Il punto dolente si fa presto a individuarlo: anche se Berlusconi, con un gesto plateale ad uso soprattutto dei più ingenui, è uscito dalla sala del Consiglio dei Ministri nel momento in cui si discuteva (O) il disegno di legge sulla Tv che lo riguardava direttamente, il nuovo provvedimento firmato dal ministro Gasparri ha il chiaro effetto di tutelare per oggi, per domani e anche per dopodomani (praticamente per sempre) il diritto a trasmettere di Rete 4, casomai qualcuno ancora credesse veramente nell'esilio di Emilio Fede sul satellite e casomai la Corte Costituzionale in queste settimane volesse proprio fare sul serio.
E neppure RaiTre si toccherà più: niente rete senza pubblicità, niente insidie per il duopolio, consacrato dunque anche per l'immediato futuro quale punto-cardine e pressocché intangibile del sistema televisivo italiano, dopo i velleitari tentativi di fare qualcosina per cambiare le cose da parte dei Governi dell'Ulivo. Toccherà salvare anche tutte le altre Tv senza concessione, da Retecapri a Rete A a Hse, per chiudere persino con Tele+ Nero. Poco male, almeno la si chiuderà lì, lasciando stare (almeno per ora, perché poi il problema potrebbe persino riproporsi, stando al testo della legge...) questa storia del "congruo numero di parabole" che un'Authority dal compito impossibile doveva individuare, per poi "provvedere" opportunamente.
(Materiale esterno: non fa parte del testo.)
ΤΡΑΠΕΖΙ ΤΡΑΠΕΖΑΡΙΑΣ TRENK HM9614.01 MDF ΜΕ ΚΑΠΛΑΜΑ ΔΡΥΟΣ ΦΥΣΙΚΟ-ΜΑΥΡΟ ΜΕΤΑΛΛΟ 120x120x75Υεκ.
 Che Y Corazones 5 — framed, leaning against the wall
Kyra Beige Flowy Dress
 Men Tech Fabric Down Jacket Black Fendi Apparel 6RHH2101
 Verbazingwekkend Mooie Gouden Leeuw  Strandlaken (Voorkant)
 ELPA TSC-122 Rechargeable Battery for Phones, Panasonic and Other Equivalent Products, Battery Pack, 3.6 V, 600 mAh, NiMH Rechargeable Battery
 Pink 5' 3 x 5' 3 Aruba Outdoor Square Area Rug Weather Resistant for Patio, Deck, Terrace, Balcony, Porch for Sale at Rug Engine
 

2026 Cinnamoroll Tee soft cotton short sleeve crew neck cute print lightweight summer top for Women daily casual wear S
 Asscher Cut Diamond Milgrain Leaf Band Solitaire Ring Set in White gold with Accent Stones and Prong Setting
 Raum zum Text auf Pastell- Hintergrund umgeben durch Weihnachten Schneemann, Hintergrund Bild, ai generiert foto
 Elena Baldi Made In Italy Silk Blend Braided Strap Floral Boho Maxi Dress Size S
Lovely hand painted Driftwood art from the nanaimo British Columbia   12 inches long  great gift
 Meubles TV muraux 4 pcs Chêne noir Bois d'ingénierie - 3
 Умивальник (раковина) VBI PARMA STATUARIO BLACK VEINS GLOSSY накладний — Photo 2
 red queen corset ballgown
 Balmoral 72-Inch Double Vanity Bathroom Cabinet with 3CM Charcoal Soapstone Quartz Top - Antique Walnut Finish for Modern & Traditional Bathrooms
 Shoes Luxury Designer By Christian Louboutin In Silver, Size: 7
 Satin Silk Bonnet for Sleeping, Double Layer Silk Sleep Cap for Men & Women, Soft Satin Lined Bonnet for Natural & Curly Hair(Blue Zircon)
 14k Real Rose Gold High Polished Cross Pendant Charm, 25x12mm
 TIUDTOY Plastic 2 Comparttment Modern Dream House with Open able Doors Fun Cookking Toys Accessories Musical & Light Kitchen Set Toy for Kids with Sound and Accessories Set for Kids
La soglia del 20% (che certo è meglio del 25% originario) sui ricavi complessivi del sistema della comunicazione fissata quale unico vero limite antitrust dà sì la possibilità anche ai grandi editori di giornali di fare Tv, eliminando una norma anacronistica e aprendo un potenziale spiraglio di pluralismo, ma lascia anche a Mediaset qualche possibilità in più nei giornali rispetto alla situazione attuale (di maniera sembrano le perplessità e le preoccupazioni di Confalonieri e dello stesso Saccà sulla legge). E il settore televisivo resta quanto mai ben tutelato per quanti oggi vi operano da protagonisti; non ci sarà più infatti quel limite antitrust specifico del 30% del mercato Tv su cui la solita Authority continuava da anni a indagare (evidenti e anche individuati erano gli "sforamenti" di Mediaset e soprattutto della Rai), senza poi avere il coraggio di intervenire davvero. Si tratterà adesso, probabilmente, sulla possibile quota di Telecom sul mercato della comunicazione, che è già passata in poche ore dal 5 al 10%. Poi verrà il capitolo del digitale.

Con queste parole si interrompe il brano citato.